▸ **Required work**
For the records that follow, restate each one word for word and leave the images behind.
****************
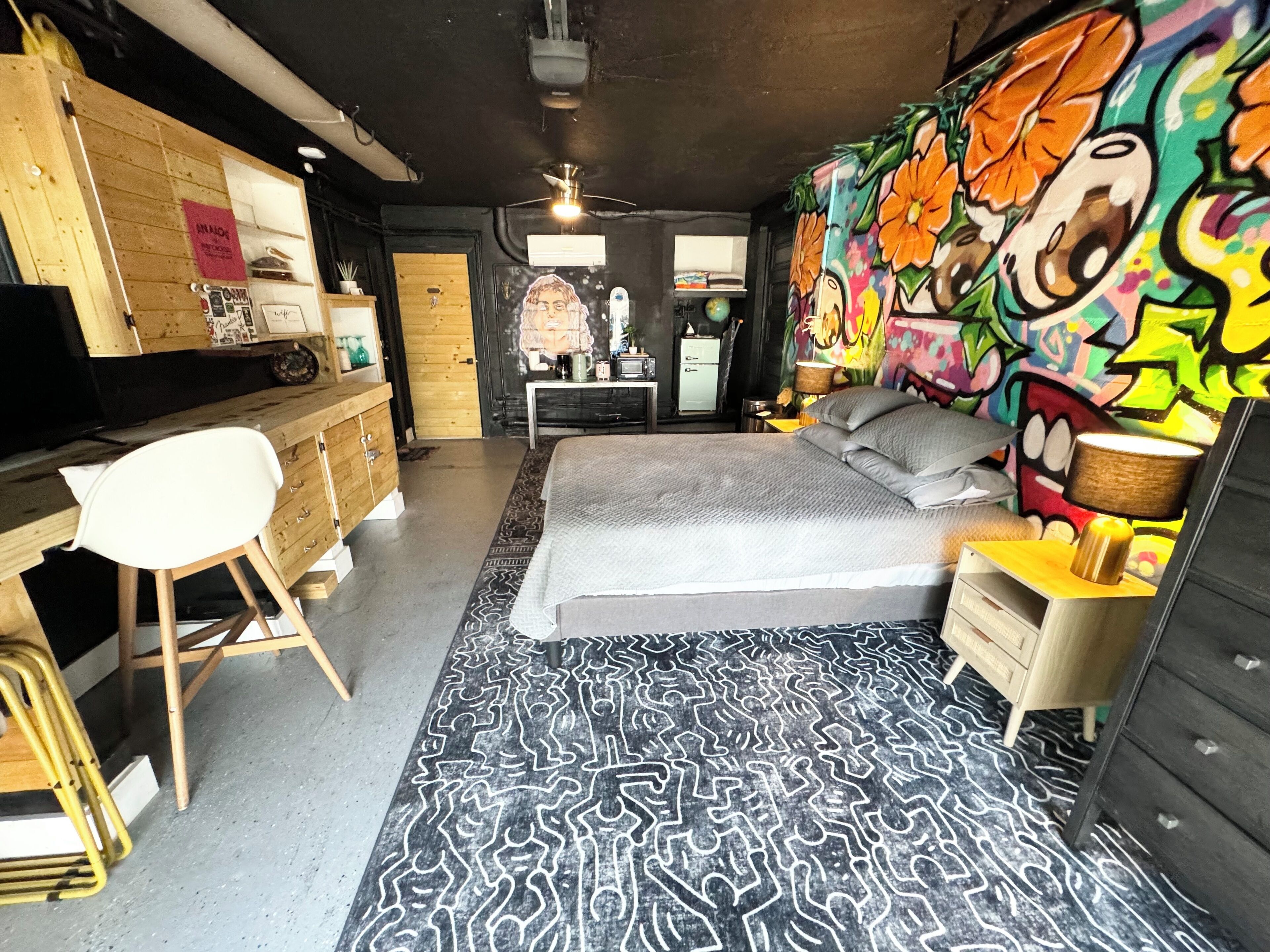 Une chambre à coucher comprenant un lit, un bureau, une chaise, une commode et une fresque colorée sur le mur.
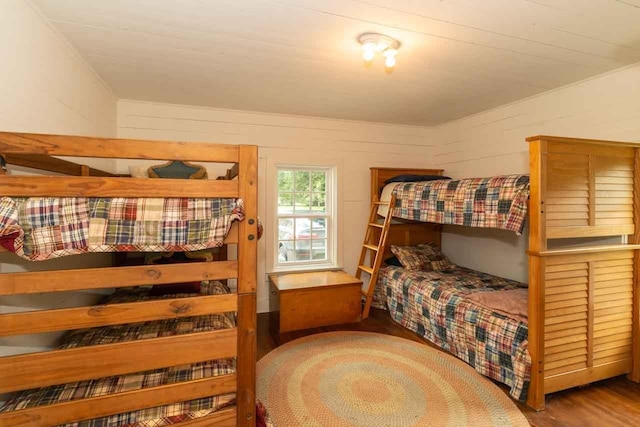 bedroom featuring wood walls and hardwood / wood-style floors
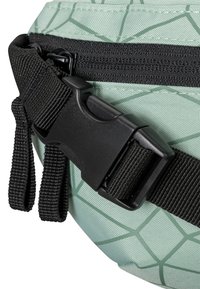 Marsupio verde chiaro con un motivo geometrico, dotato di una cerniera nera e chiusura a fibbia, tessuto testurizzato e spallacci neri regolabili.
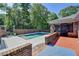 A secluded backyard pool offers a private retreat with brick accents and access to the screened-in porch at 168 Woodland Valley Rd, Lawrenceville, GA 30046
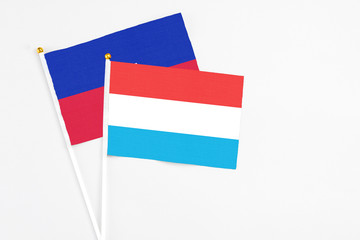 Luxembourg and Haiti stick flags on white background. High quality fabric, miniature national flag. Peaceful global concept.White floor for copy space.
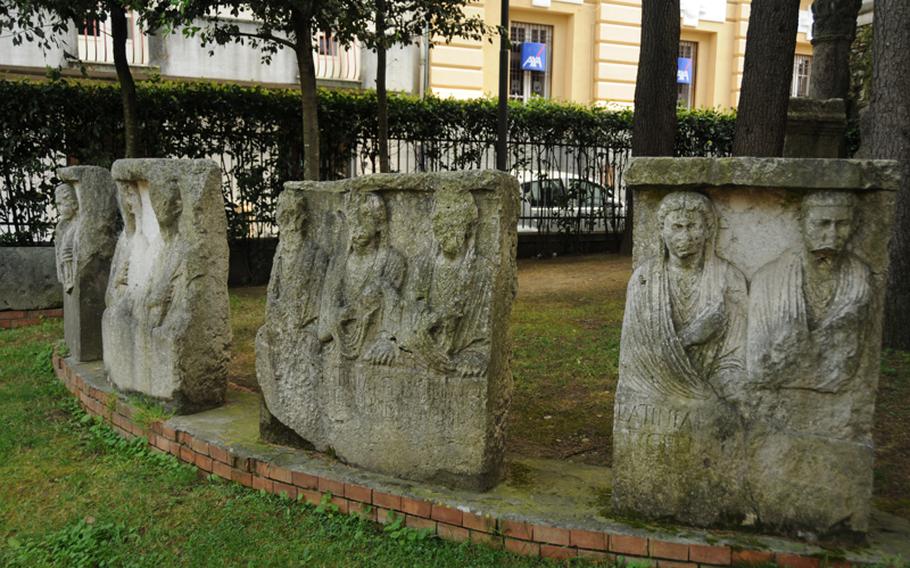 Artifacts from the cloisters of Santa Sofia church are on display outdoors next to the building.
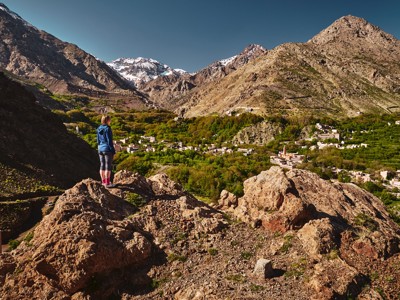 Wandelaar kijkt uit over een Berberdorp in de Atlas met besneeuwde toppen bij de beklimming van Mt. Toubkal.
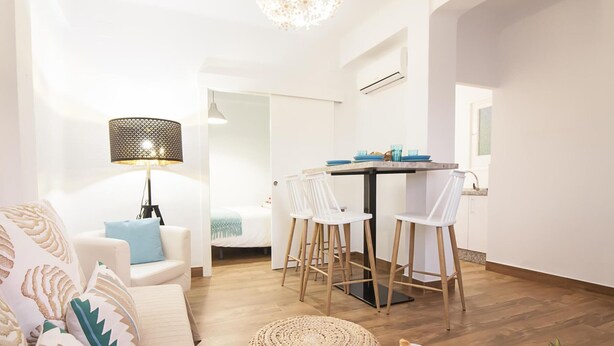 A modern living room with a sofa, a dining table with chairs, a lamp, and a small kitchen area.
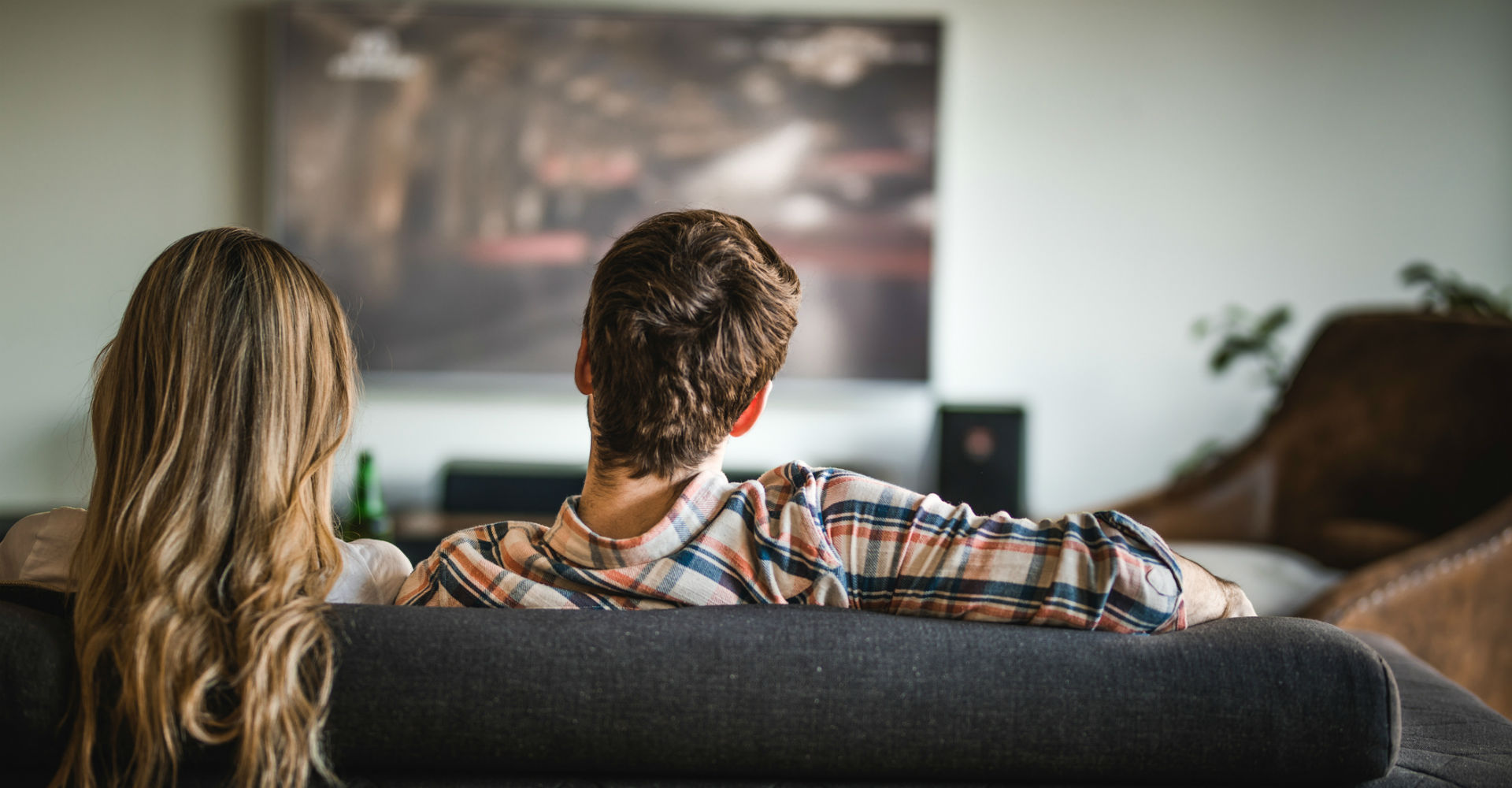 Zwei Menschen sitzen vor dem Fernseher.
****************
▸ **Answer section**
 Une chambre à coucher comprenant un lit, un bureau, une chaise, une commode et une fresque colorée sur le mur.
 bedroom featuring wood walls and hardwood / wood-style floors
 Marsupio verde chiaro con un motivo geometrico, dotato di una cerniera nera e chiusura a fibbia, tessuto testurizzato e spallacci neri regolabili.
 A secluded backyard pool offers a private retreat with brick accents and access to the screened-in porch at 168 Woodland Valley Rd, Lawrenceville, GA 30046
 Luxembourg and Haiti stick flags on white background. High quality fabric, miniature national flag. Peaceful global concept.White floor for copy space.
 Artifacts from the cloisters of Santa Sofia church are on display outdoors next to the building.
 Wandelaar kijkt uit over een Berberdorp in de Atlas met besneeuwde toppen bij de beklimming van Mt. Toubkal.
 A modern living room with a sofa, a dining table with chairs, a lamp, and a small kitchen area.
 Zwei Menschen sitzen vor dem Fernseher.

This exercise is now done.